▶ **Assigned task**
In the records below, the line with "KAMILAN Short Design" opens the range and the line with "星スタッズ シルバー ラウンド長財布" closes it; print that range exactly and nothing else.

= Beginning of Section =

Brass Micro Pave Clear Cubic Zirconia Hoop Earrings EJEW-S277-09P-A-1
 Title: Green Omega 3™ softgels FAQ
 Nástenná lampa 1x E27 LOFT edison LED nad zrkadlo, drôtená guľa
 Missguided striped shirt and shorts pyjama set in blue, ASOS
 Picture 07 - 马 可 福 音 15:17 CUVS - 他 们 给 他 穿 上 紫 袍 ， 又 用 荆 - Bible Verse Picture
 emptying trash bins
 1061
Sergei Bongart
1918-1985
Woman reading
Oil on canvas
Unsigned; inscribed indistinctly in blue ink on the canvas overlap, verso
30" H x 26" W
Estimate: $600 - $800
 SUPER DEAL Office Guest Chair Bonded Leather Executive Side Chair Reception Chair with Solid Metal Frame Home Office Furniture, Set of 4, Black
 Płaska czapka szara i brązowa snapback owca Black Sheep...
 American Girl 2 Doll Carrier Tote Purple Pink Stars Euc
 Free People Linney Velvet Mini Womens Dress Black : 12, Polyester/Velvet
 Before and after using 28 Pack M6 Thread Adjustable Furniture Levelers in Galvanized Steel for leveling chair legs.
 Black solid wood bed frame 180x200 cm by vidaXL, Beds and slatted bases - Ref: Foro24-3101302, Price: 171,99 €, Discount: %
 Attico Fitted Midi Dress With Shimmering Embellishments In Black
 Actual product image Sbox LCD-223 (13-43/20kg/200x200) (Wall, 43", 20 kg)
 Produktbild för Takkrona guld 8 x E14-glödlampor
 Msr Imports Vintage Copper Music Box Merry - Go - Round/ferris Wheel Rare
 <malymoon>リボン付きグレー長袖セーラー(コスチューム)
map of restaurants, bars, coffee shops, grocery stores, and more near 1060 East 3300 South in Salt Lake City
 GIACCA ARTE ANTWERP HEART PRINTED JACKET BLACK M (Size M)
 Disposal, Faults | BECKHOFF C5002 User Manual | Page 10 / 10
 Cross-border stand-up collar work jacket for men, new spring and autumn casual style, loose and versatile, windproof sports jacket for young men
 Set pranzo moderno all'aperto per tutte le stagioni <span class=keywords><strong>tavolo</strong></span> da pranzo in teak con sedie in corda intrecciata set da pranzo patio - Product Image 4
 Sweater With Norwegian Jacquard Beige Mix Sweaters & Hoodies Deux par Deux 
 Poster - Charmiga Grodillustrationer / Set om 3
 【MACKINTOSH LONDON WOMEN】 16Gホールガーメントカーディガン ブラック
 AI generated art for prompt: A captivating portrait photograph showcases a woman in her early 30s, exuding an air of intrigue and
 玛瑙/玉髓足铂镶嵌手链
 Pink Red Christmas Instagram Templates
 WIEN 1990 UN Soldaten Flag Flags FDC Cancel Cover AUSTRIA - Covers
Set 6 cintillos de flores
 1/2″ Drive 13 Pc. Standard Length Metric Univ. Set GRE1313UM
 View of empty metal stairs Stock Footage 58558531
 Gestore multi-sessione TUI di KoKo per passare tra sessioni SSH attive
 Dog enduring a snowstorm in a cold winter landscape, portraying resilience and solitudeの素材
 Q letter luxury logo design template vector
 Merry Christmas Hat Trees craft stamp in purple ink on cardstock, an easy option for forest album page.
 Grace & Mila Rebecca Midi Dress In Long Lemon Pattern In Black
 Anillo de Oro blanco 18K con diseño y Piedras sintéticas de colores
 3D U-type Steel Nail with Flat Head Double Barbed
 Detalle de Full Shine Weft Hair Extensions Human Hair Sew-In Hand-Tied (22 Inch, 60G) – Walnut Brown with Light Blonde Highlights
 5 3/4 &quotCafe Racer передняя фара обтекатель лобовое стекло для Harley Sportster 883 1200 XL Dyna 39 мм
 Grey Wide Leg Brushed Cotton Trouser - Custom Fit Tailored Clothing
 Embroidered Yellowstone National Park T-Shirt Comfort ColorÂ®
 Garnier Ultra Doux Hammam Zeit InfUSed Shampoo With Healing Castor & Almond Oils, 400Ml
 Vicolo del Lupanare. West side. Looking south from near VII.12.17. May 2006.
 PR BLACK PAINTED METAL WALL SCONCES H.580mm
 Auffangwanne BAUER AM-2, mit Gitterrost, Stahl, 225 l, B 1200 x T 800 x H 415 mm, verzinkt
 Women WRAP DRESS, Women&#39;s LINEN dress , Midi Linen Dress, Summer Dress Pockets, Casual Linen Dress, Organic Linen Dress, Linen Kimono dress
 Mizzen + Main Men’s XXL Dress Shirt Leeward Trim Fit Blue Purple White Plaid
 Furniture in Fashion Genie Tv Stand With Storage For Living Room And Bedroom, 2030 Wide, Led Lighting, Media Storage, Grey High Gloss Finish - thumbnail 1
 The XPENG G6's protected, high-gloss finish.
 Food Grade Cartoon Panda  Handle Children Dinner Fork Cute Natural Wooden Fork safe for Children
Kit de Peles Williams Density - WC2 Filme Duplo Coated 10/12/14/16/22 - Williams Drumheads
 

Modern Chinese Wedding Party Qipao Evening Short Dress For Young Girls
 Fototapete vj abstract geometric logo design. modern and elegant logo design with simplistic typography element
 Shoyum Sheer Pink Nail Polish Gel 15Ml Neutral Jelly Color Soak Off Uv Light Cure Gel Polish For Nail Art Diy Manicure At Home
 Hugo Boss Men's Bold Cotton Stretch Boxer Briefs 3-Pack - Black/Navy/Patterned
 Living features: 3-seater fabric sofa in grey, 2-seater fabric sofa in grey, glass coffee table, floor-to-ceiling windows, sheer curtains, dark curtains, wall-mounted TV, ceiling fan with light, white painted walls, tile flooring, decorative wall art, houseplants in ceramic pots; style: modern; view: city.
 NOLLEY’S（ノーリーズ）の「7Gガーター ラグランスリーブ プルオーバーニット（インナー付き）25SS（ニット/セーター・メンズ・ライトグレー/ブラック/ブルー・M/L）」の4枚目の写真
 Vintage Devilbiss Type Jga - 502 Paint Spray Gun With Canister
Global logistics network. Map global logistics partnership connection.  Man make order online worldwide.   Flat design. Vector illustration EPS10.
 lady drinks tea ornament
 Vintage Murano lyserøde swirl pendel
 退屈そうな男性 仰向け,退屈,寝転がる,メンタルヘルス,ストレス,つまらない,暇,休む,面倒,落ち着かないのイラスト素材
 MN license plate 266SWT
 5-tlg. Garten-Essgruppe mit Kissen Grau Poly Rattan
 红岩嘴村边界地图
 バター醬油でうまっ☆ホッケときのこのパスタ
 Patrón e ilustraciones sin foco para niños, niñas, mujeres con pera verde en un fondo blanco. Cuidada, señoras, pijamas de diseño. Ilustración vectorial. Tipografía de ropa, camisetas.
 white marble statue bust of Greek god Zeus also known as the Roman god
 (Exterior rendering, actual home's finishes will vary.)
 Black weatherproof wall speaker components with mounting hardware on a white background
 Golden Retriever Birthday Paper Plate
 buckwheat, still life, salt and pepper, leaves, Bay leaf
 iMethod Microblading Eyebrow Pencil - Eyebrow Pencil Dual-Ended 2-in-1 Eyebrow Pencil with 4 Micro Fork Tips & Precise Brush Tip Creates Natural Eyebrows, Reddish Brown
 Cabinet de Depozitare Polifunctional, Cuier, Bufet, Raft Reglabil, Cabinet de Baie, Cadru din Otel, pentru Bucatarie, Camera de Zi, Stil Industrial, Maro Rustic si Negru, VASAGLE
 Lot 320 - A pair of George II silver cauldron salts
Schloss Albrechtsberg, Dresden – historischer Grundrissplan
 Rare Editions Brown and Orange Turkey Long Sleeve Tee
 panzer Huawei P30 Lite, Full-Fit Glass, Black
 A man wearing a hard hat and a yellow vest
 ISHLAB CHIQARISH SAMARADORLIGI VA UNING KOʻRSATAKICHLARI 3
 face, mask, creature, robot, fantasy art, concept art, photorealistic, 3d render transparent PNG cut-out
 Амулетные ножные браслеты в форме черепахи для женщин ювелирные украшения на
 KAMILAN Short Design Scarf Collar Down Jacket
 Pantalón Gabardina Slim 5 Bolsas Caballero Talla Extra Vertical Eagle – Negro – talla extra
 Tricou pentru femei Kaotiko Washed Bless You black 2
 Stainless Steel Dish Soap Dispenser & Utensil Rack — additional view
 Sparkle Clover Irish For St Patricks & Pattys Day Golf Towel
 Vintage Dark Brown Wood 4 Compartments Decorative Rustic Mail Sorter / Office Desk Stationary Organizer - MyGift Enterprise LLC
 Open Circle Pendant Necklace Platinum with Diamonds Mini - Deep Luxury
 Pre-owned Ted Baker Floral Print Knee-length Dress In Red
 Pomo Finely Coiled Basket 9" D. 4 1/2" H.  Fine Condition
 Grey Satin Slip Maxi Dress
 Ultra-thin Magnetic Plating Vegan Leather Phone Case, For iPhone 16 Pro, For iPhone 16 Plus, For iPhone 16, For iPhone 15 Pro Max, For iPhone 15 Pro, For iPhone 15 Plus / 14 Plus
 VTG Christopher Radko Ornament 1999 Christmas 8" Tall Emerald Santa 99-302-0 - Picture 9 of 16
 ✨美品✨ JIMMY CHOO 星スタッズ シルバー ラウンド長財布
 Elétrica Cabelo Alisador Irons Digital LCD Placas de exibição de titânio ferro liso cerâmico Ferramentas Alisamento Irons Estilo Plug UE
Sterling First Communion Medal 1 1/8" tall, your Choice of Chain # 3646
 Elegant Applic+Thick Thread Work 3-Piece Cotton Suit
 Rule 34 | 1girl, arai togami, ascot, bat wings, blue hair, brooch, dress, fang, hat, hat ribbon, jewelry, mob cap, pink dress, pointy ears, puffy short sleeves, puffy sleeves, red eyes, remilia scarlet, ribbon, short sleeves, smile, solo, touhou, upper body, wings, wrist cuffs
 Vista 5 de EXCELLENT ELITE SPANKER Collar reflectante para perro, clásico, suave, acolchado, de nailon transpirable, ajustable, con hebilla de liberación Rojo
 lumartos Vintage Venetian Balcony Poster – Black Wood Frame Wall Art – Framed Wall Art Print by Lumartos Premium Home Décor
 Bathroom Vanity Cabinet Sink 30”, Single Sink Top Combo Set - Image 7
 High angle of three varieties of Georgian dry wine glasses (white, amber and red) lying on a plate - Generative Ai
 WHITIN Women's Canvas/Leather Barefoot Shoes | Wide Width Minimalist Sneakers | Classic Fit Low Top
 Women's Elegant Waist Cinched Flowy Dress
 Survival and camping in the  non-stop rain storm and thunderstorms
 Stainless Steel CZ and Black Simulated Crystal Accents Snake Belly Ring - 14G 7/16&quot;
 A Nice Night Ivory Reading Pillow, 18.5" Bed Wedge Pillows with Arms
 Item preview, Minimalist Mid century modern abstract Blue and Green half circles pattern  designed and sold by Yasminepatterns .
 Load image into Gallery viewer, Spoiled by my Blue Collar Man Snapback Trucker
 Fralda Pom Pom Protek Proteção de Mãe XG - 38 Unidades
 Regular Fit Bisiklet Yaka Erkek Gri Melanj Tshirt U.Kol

= End of Section =

▶ **Completed task**
 KAMILAN Short Design Scarf Collar Down Jacket
 Pantalón Gabardina Slim 5 Bolsas Caballero Talla Extra Vertical Eagle – Negro – talla extra
 Tricou pentru femei Kaotiko Washed Bless You black 2
 Stainless Steel Dish Soap Dispenser & Utensil Rack — additional view
 Sparkle Clover Irish For St Patricks & Pattys Day Golf Towel
 Vintage Dark Brown Wood 4 Compartments Decorative Rustic Mail Sorter / Office Desk Stationary Organizer - MyGift Enterprise LLC
 Open Circle Pendant Necklace Platinum with Diamonds Mini - Deep Luxury
 Pre-owned Ted Baker Floral Print Knee-length Dress In Red
 Pomo Finely Coiled Basket 9" D. 4 1/2" H.  Fine Condition
 Grey Satin Slip Maxi Dress
 Ultra-thin Magnetic Plating Vegan Leather Phone Case, For iPhone 16 Pro, For iPhone 16 Plus, For iPhone 16, For iPhone 15 Pro Max, For iPhone 15 Pro, For iPhone 15 Plus / 14 Plus
 VTG Christopher Radko Ornament 1999 Christmas 8" Tall Emerald Santa 99-302-0 - Picture 9 of 16
 ✨美品✨ JIMMY CHOO 星スタッズ シルバー ラウンド長財布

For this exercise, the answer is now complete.